A typical evening would involve an argument if I wanted to go to bed, being woken up when she finally stumbled in drunk, being kicked out of bed and onto the couch. 20 min later she would return to kick me off the couch and downstairs into my studio. 20 min later she would come to the studio door and if she found it locked and go into an absolute blinding rage, literally trying to batter down the door and screaming that I am never to lock a door on her. If i let her into the studio then I had to be prepared for her to smash whatever she felt like smashing. Finally she might wear herself out and I could cry myself to sleep.

This was at least a weekly event. I started to feel homeless in my own home. I couldn't get a decent night sleep, exhausted and fearful of the inevitable outbursts. I attempted one night to break the pattern, instead of retreating to a locked room and lying there as she tires herself out trying to break the door down I instead hid behind the couch and tried to sleep there. It worked in that she never found me, the down side was that I had to hear her drunken tirade as she cursed me out, sitting on the couch I was hiding behind. Vocalising what she really thought of me, not knowing I was 40cm behind her, crying silently and hoping she would just hurry up and go to bed and pass out.

There were so many days and nights like this, I began to realise that I couldn't remember the last time I had been truly happy, for a whole day without it being ruined by some argument or situation.
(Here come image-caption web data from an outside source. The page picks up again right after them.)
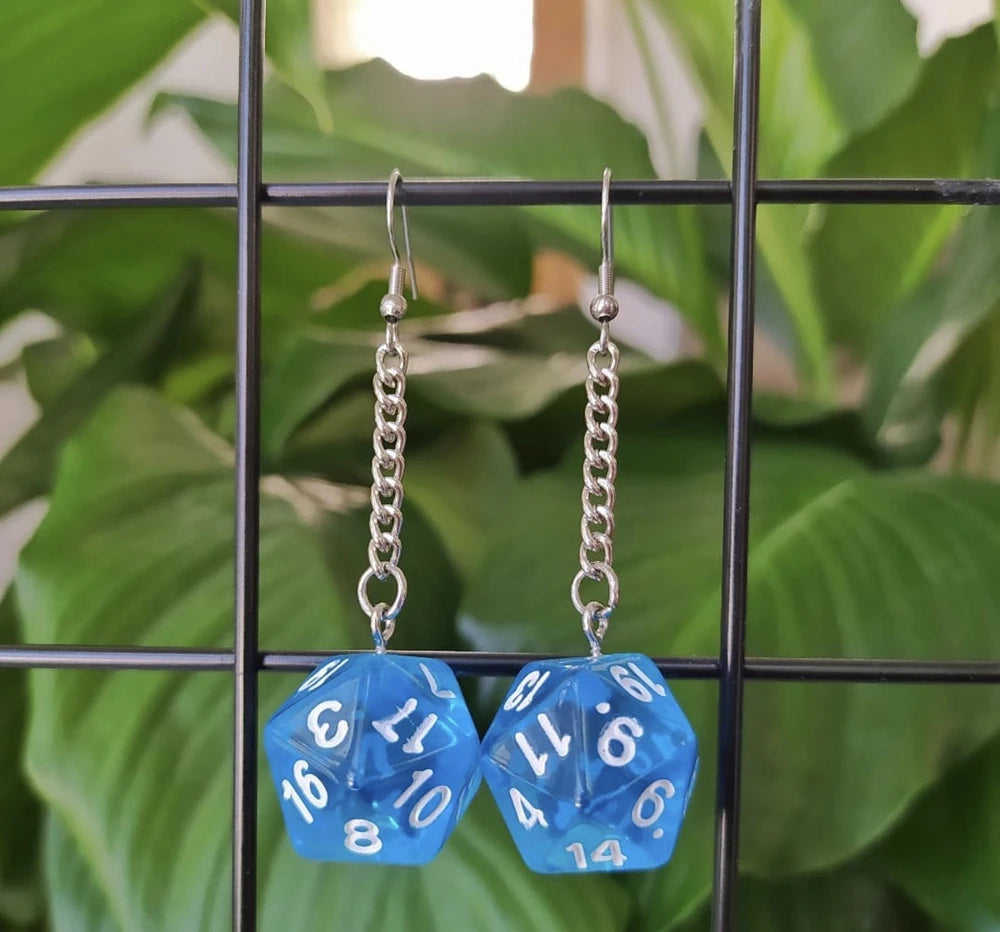 DnD D20 Harz Würfel Ohrringe für Frauen Candy Farbe Geometrische Lange Quaste Ohrring Weibliche Mädchen Partei Schmuck Geschenke
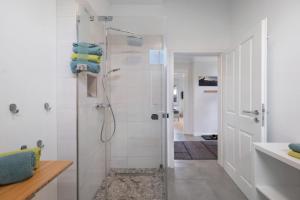 a bathroom with a shower with a glass door at Ferienwohnung Alte Liebe in Cuxhaven +15 photos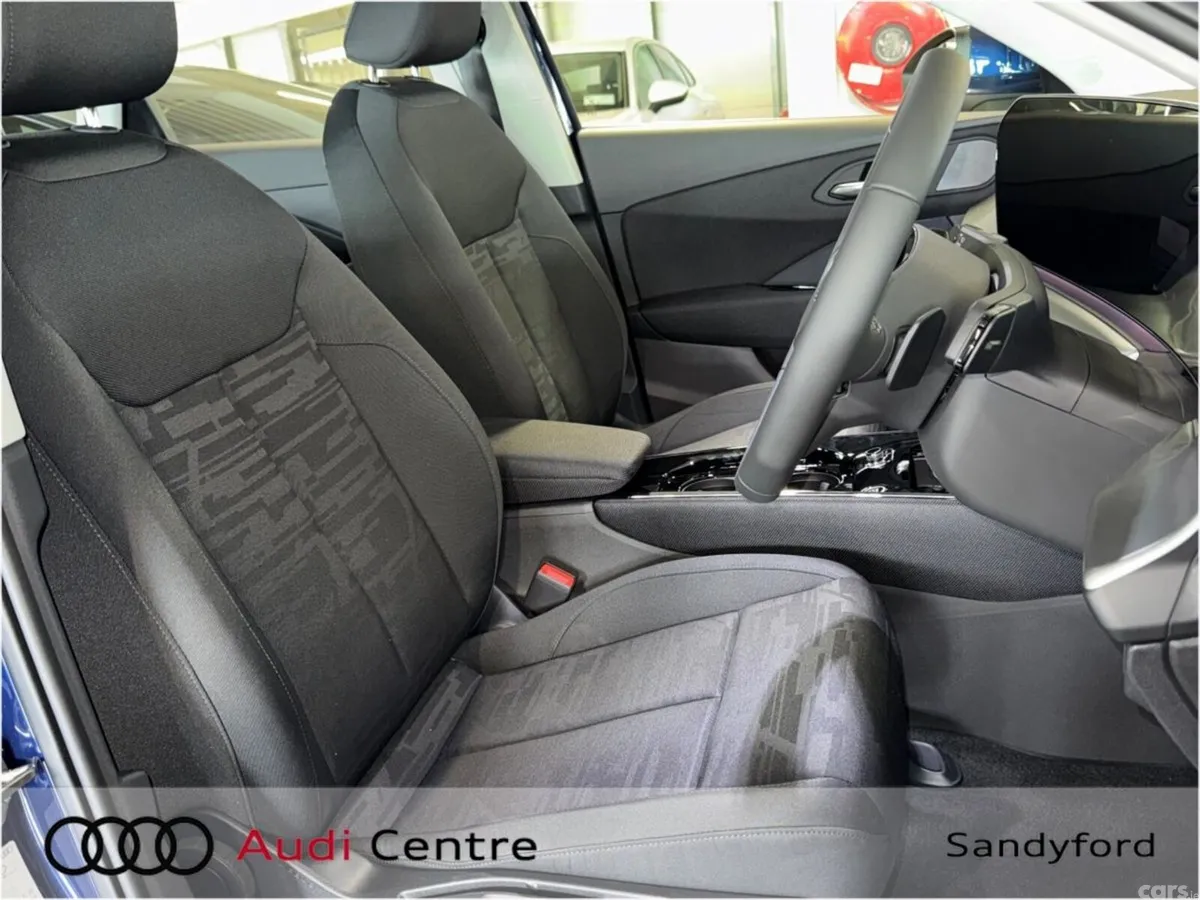 Audi Q3 SUV, Petrol Plug-in Hybrid, 2026, Blue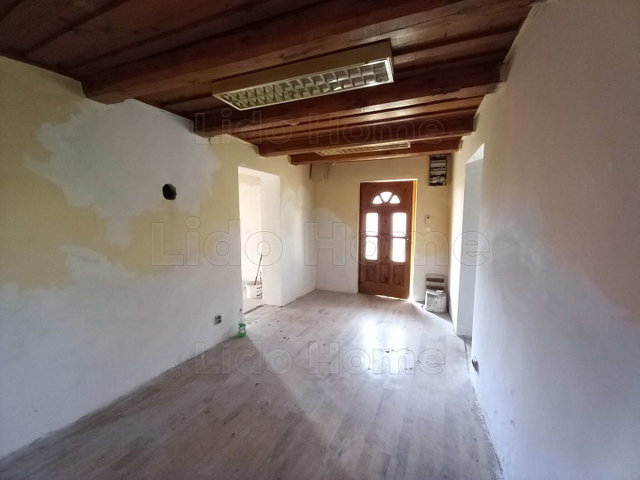 Eladó családi ház, Győrött 48 M Ft, 4 szobás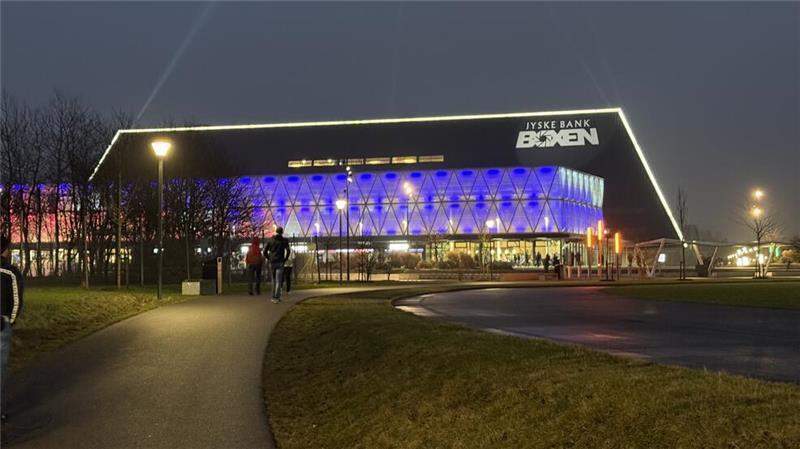 Handball-Experten aus der Region sehen DHB-Team trotz Pleite auf Kurs Die Jyske Bank Boxen in Herning ist eine schöne Mehrzweckhalle ohne Prunk und Protz, so Bernd Wassermann.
It was when I recently saw the list elsewhere on this site of the impacts on male victims that I realised just how deeply I had been hurt by that relationship. Except for the two impacts concerning children, since escaping from that situation I have struggled with all those other impacts and its been hard to get back on my feet. I've turned into a hermit, I'm depressed and tired all the time but with each day it seems like its all hurting just that little bit less. I've travelled further along the healing path and I'm starting to feel good about myself again, to regain my confidence and to know that I am not the only man struggling quietly with this issue is of great comfort to me.

Tell your stories Gentlemen, they deserve to be told.

Monday
Nov242014

Justin

I was in an abusive marriage for years. She verbally abused me from the beginning, the physical abuse started about 11 months into the marriage. It started out with slaps on the head for saying or doing something she didn't approve of. Eventually, it escalated into slaps on the body and sometimes in the face. A couple years later, I would sometimes get kicks and punches, including to the face and groin.

Now that I have been out of the marriage a few years, it all seems like a blurry nightmare. Even after a year of counselling, I still don't like to talk about it (I do so here to hopefully help someone else). Anytime I think about it, my body tenses and my mind starts racing. If I don't get it out of my head quickly, a feeling of panic sets in.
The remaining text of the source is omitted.